Why do I bring this up? Well, I found an interesting thread on Wickedfire yesterday. It looks like one of the forum’s members made a low-budget zombie film, and is looking for ways to promote it. He’s even looking into starting an affiliate program. The thread itself is a fountain of useful ideas, but there’s one thing in particular you should look at.

Specifically, the movie’s trailer. For future reference, if you have one of your movie’s characters shove a chainsaw through a zombie’s face, you get an instant plug on my blog.

Anyway, I thought the whole thread was pretty interesting, mainly because it puts modern advertising into perspective: You don’t really need a multi-million dollar advertising campaign to spread awareness. Forget expensive TV/radio advertising, all you need is a few flyers handed to the right people and a handful of blogs. If you happen to get lucky, you can rely on viral advertising to get the word out.

For example: I read Wickedfire. I like zombies. My roommate, who reads this blog, also likes zombies. He may write about the movie on his blog. A lot of his friends like zombies. They write about it. The dominoes continue to fall until the producers are buried in order requests.

Back to the thread. As usual, HarveyJ is a veritable goldmine of useful information. He suggested something that I never would have thought of, but can definitely see catching on: Leak your own movie. Take a low quality version, leak it onto the P2P networks, and let it spread itself. Pretty soon, you’ll have people searching for information about the movie, writing about it, and even buying it (low quality versions suck).

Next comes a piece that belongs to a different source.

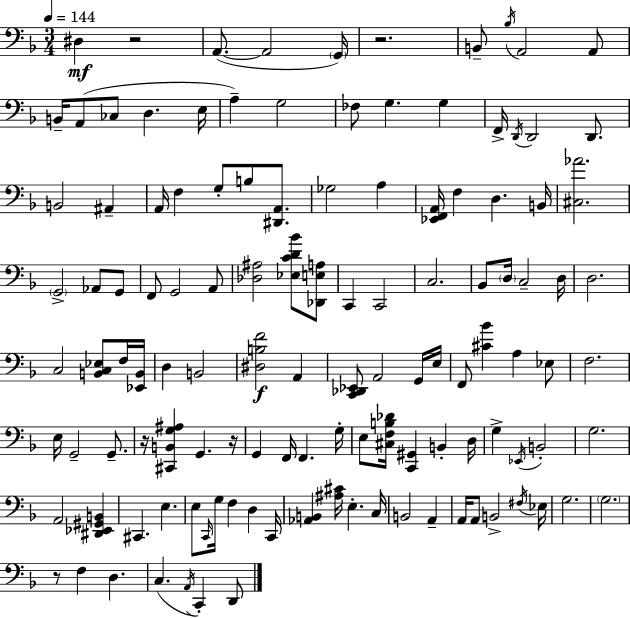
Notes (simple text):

D#3/q R/h A2/e. A2/h G2/s R/h. B2/e Bb3/s A2/h A2/e B2/s A2/e CES3/e D3/q. E3/s A3/q G3/h FES3/e G3/q. G3/q F2/s D2/s D2/h D2/e. B2/h A#2/q A2/s F3/q G3/e B3/e [D#2,A2]/e. Gb3/h A3/q [Eb2,F2,A2]/s F3/q D3/q. B2/s [C#3,Ab4]/h. G2/h Ab2/e G2/e F2/e G2/h A2/e [Db3,A#3]/h [Eb3,C4,D4,Bb4]/e [Db2,E3,A3]/e C2/q C2/h C3/h. Bb2/e D3/s C3/h D3/s D3/h. C3/h [B2,C3,Eb3]/e F3/s [Eb2,B2]/s D3/q B2/h [D#3,B3,F4]/h A2/q [C2,Db2,Eb2]/e A2/h G2/s E3/s F2/e [C#4,Bb4]/q A3/q Eb3/e F3/h. E3/s G2/h G2/e. R/s [C#2,B2,G3,A#3]/q G2/q. R/s G2/q F2/s F2/q. G3/s E3/e [C#3,F3,B3,Db4]/s [C2,G#2]/q B2/q D3/s G3/q Eb2/s B2/h G3/h. A2/h [D#2,Eb2,G#2,B2]/q C#2/q. E3/q. E3/e C2/s G3/s F3/q D3/q C2/s [Ab2,B2]/q [A#3,C#4]/s E3/q. C3/s B2/h A2/q A2/s A2/e B2/h F#3/s Eb3/s G3/h. G3/h. R/e F3/q D3/q. C3/q. A2/s C2/q D2/e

The most important piece of advice in the thread, however, is one that I hope most of you have figured out by now: Don’t be afraid to simply ask for help. It was suggested that the producer simply ask zombie bloggers to give him a plug. It’s a good idea, and it can work for any number of situations (including podcasts). Aside from getting a little free advertising, you also get the added bonus of establishing contacts within whatever niche you’re looking to break into. I just can’t stress this enough: Always go out of your way to network with people in your niche.

Also, always keep a sword or spear in your house (in case of zombies). Blades don’t need reloading.